V. nice flavor. Much better than the only other Earl Grey Creme I have had, which was by The Necessiteas. The bergamot is not strong at all, perhaps not even strong enough, though it does give a citrus accent to the creme that keeps the creme from running away with the tea completely. The primary flavor is the creme vanilla sitting on top of the tea.
I think I will try this at four minutes next time and see what that does to the flavor.

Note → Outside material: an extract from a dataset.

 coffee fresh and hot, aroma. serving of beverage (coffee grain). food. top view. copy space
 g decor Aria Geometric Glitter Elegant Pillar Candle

Updated to add the number of this tea in Upton’s catalog as I was confused initially. In the Upton Earl Grey sampler it is named “Organic Earl Grey Lavender” but it has the same catalog number as Lavender Earl Grey (which also has a mark showing it is organic). So mystery solved, at least to my satisfaction.
This blend smells great dry. I love the smell of lavender, and that is the main thing I smell. It’s a deep, full lavender smell, which may be somewhat intensified by citrus. But I don’t smell bergamot here, or tea, really, for that matter. The addition of water tones down the lavender in the aroma, and seems to bring out a mild citrus note and a sweet black tea one.
The flavor is very nice, not too strong on the bergamot (which is how I like it) and the lavender is nicely balanced. The tea base is mild and unobtrusive.
It’s something I’d definitely drink again, though given the choice of a single Lavender Earl Grey, I’d pick the Samovar. The main reason is the tea base. The Samovar’s is delicious with a lot of character and depth. It’s far more present, but not in a distracting way; the lavender and bergamot are still clearly there. The Samovar is built more like a three-legged stool, where each of the three main components is equally important to the flavor. In the Upton the tea plays more of a foundation role, and the stars are two non-tea flavorings.
I just noticed that this was labeled no. 2 in the Upton Earl Grey sampler. Eeek, I’d better backtrack and taste no. 1!
Yesterday was River Shannon’s first trial (Assam + Ceylon), today this (Assam + Ceylon +Yunnan).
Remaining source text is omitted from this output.